The Russian Navy said only that the convoy's visit to Cuba is to "perform tasks in accordance with the long-range cruise plan and make business calls to the ports of some island states in the region."

Moscow has explained that "maintenance technicians" have been sent to Venezuela under preexisting military treaties with Caracas.

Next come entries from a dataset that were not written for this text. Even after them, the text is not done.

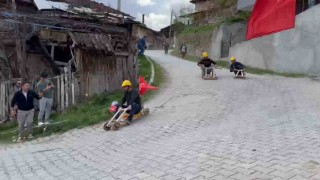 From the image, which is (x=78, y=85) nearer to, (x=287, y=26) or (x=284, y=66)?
(x=287, y=26)

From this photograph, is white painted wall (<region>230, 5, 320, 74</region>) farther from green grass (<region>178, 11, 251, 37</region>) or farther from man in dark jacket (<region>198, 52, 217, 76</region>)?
green grass (<region>178, 11, 251, 37</region>)

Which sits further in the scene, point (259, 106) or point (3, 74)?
point (3, 74)

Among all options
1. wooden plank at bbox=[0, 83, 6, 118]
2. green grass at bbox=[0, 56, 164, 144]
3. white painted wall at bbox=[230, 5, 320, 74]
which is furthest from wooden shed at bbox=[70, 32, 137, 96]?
white painted wall at bbox=[230, 5, 320, 74]

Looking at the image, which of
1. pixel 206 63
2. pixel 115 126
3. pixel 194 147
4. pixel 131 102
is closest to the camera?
pixel 194 147

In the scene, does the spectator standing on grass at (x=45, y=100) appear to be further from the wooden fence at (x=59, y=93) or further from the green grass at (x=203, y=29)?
the green grass at (x=203, y=29)

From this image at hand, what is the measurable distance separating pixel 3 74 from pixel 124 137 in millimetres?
7114

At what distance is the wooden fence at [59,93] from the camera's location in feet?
38.4

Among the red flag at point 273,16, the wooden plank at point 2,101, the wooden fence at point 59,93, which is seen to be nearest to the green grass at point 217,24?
the red flag at point 273,16

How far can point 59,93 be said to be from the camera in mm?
12078

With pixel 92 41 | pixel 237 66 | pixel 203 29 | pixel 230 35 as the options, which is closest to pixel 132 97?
pixel 92 41

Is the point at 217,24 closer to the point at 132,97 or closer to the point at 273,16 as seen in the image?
the point at 273,16

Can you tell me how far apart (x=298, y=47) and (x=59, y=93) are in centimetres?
1253

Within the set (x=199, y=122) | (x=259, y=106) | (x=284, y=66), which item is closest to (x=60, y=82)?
(x=199, y=122)

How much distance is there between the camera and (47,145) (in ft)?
27.1
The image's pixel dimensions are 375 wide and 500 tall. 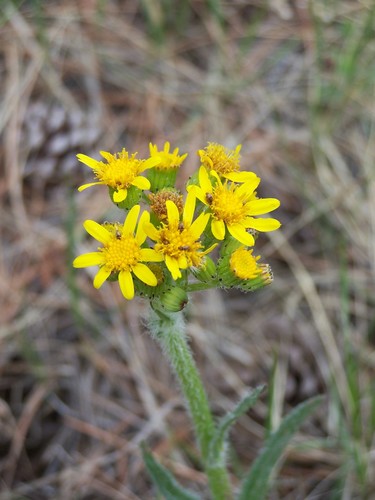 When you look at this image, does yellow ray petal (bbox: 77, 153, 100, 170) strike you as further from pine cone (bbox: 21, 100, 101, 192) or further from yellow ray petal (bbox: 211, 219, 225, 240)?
pine cone (bbox: 21, 100, 101, 192)

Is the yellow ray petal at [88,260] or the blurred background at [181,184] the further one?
the blurred background at [181,184]

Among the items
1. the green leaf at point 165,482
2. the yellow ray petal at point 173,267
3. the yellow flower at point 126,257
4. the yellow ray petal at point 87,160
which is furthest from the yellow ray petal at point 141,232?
the green leaf at point 165,482

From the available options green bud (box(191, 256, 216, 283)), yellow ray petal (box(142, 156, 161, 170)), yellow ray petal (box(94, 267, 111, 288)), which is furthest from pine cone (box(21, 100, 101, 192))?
green bud (box(191, 256, 216, 283))

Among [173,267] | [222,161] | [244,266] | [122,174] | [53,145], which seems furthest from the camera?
[53,145]

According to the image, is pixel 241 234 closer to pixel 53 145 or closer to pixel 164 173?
pixel 164 173

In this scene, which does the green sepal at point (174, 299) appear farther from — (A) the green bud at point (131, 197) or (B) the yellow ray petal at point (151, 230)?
(A) the green bud at point (131, 197)

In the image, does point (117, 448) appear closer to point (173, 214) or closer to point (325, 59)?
point (173, 214)

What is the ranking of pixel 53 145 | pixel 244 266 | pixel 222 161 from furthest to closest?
pixel 53 145
pixel 222 161
pixel 244 266

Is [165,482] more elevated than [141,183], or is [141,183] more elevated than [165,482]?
[141,183]

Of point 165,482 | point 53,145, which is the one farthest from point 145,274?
point 53,145

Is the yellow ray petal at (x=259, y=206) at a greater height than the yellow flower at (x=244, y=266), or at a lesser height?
greater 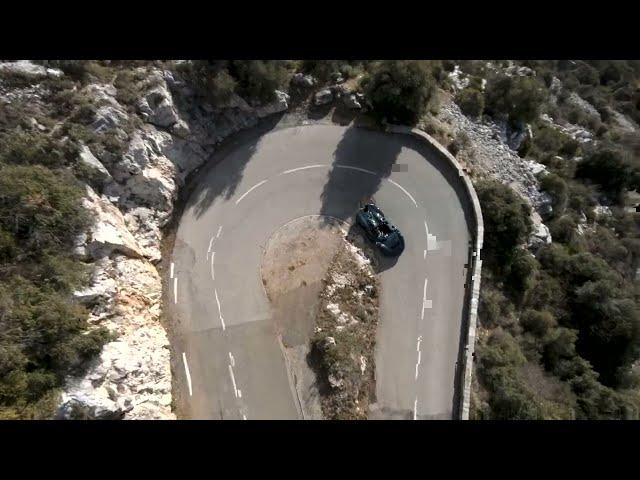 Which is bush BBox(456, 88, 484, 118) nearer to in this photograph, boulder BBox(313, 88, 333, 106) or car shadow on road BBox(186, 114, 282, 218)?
boulder BBox(313, 88, 333, 106)

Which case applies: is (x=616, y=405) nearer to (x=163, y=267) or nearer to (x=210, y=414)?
(x=210, y=414)

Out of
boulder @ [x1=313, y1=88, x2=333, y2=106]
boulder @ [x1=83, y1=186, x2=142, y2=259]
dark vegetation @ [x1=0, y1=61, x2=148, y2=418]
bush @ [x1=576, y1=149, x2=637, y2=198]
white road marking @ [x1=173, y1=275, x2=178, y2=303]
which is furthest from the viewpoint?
bush @ [x1=576, y1=149, x2=637, y2=198]

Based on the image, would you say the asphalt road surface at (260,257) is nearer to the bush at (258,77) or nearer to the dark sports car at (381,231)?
the dark sports car at (381,231)

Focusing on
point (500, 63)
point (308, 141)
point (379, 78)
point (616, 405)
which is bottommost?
point (616, 405)

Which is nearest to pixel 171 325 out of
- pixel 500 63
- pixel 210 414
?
pixel 210 414

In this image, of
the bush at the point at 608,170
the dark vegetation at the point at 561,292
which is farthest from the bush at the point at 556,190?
the bush at the point at 608,170

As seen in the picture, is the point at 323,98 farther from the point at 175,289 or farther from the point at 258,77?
the point at 175,289

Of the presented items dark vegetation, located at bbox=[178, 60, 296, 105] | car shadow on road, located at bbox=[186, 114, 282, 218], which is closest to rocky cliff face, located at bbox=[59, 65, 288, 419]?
car shadow on road, located at bbox=[186, 114, 282, 218] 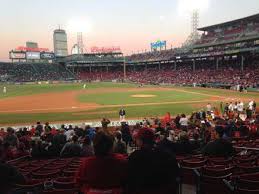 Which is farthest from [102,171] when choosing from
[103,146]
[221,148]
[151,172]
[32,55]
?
[32,55]

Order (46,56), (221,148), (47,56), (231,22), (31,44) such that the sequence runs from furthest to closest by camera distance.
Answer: (31,44)
(47,56)
(46,56)
(231,22)
(221,148)

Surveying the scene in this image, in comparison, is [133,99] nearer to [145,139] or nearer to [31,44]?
[145,139]

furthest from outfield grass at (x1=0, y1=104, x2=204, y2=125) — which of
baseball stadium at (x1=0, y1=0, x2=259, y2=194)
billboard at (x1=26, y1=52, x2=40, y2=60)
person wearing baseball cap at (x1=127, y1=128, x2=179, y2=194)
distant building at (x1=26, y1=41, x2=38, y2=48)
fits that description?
distant building at (x1=26, y1=41, x2=38, y2=48)

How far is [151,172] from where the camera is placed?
13.8 ft

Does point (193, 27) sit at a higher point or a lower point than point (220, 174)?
higher

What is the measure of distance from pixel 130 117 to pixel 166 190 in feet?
95.2

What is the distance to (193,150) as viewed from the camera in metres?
11.1

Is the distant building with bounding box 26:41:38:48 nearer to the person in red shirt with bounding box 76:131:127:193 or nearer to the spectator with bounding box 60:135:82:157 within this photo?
the spectator with bounding box 60:135:82:157

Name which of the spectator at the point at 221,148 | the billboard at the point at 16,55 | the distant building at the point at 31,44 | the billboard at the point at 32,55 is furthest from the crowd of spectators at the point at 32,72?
the spectator at the point at 221,148

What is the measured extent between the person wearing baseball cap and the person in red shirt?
0.14m

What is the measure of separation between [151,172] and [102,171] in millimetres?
669

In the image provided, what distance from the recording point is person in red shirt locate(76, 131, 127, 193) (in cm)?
420

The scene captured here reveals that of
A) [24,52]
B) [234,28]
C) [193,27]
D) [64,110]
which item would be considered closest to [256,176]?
[64,110]

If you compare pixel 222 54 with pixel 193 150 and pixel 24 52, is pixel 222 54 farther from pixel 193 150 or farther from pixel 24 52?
pixel 24 52
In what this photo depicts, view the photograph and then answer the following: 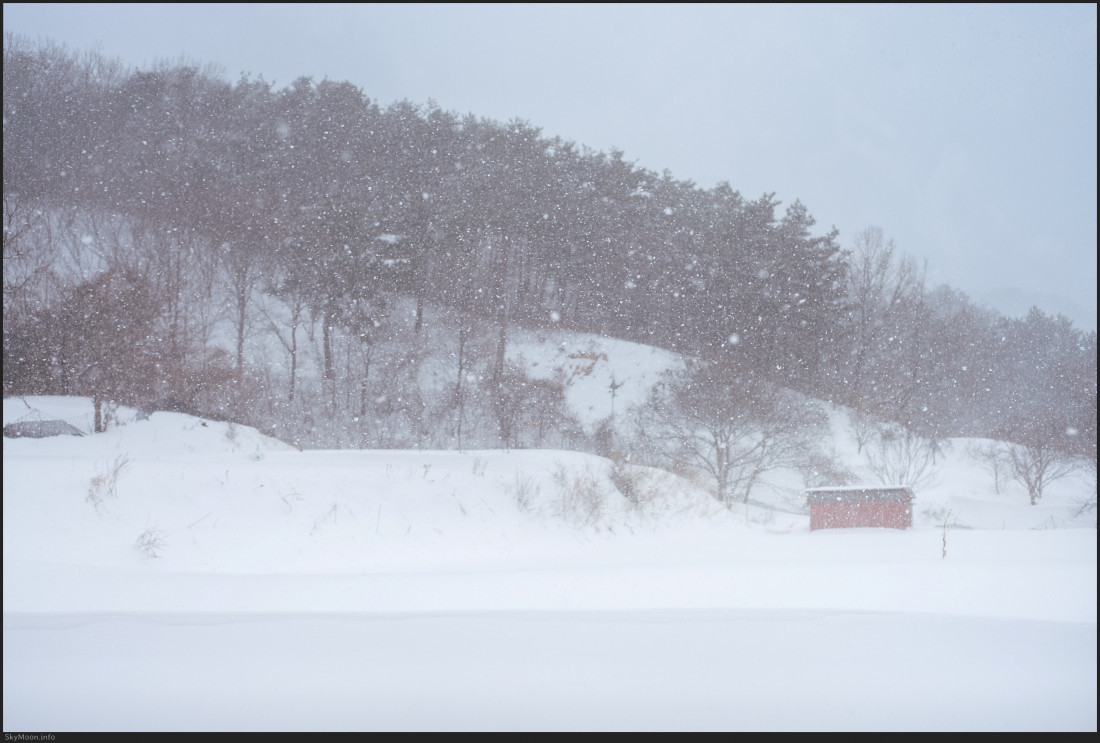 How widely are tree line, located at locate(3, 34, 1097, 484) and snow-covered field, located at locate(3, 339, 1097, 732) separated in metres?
13.6

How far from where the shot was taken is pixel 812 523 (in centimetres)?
1452

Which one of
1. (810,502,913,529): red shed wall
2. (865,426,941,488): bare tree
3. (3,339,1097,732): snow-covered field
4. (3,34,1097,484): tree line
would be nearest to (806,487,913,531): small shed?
(810,502,913,529): red shed wall

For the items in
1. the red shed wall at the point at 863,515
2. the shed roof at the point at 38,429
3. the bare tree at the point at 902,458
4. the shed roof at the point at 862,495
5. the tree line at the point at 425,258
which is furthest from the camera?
the tree line at the point at 425,258

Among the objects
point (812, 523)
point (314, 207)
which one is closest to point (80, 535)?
point (812, 523)

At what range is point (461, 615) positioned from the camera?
6461 mm

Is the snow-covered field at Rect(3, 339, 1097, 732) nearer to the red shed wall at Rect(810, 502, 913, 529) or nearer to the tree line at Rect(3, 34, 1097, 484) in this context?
the red shed wall at Rect(810, 502, 913, 529)

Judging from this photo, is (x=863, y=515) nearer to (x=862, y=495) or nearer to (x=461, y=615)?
(x=862, y=495)

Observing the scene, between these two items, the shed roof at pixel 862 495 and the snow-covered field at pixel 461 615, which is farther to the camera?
the shed roof at pixel 862 495

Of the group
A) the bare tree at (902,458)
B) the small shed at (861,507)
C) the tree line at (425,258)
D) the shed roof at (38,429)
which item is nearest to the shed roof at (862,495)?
the small shed at (861,507)

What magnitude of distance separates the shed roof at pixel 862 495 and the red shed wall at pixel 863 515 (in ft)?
0.27

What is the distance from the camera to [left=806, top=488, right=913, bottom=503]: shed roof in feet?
45.4

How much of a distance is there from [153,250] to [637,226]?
20.7 m

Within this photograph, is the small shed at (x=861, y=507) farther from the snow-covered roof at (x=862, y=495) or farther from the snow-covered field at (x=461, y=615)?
the snow-covered field at (x=461, y=615)

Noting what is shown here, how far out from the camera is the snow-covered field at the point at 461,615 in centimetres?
491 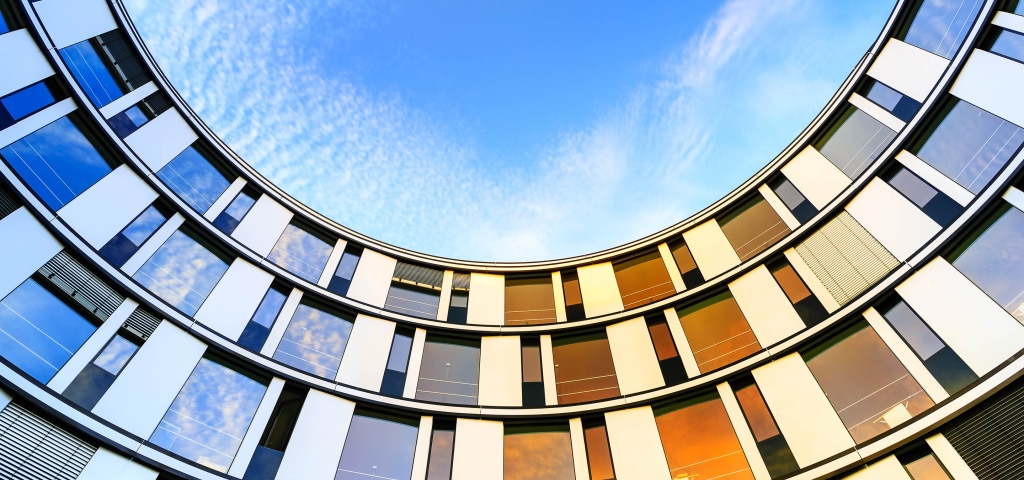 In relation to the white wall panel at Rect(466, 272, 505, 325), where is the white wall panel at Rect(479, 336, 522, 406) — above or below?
below

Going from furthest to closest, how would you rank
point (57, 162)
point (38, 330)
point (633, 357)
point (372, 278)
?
1. point (372, 278)
2. point (633, 357)
3. point (57, 162)
4. point (38, 330)

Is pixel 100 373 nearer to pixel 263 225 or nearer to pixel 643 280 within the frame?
pixel 263 225

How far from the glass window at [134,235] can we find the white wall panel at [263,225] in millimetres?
2396

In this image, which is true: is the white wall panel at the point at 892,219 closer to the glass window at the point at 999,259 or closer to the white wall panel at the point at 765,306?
the glass window at the point at 999,259

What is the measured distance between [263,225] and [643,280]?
15480 millimetres

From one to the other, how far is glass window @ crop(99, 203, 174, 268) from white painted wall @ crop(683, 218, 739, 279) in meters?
19.4

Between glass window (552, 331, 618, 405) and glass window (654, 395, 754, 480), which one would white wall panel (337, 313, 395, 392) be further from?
glass window (654, 395, 754, 480)

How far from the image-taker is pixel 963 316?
12883 mm

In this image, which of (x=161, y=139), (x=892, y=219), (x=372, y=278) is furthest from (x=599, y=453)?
(x=161, y=139)

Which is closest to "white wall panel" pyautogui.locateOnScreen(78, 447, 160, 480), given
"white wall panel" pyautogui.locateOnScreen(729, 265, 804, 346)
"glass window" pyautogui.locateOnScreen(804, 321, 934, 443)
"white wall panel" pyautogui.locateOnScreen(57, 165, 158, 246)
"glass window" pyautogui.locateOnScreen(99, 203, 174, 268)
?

The arrival of the Admiral Gorshkov in Havana prompted a complaint from Elliott Abrams, U.S. Special Representative for Venezuela.

Abrams noted "a very troubling dichotomy where the United States is bringing humanitarian aid, bringing doctors and medicine and the Russian government, guided missile frigates, and military personnel to Venezuela."

"That speaks to some of the hypocrisy that we've seen with both Russia and Venezuela where they've said they don't want foreign troops in Venezuela," he added. "There aren't any U.S. foreign troops there, but there are certainly Russian foreign troops there. Right now, the USS Comfort hospital ship is heading into the Caribbean and South America, and will dock at a number of ports to bring medical care to Venezuelan refugees and locals, while Russia is sending its warship, the Gorshkov, and more military technicians to Venezuela."

The USS Comfort embarked on a visit to several Caribbean countries, to aid Venezuelan refugees, in June.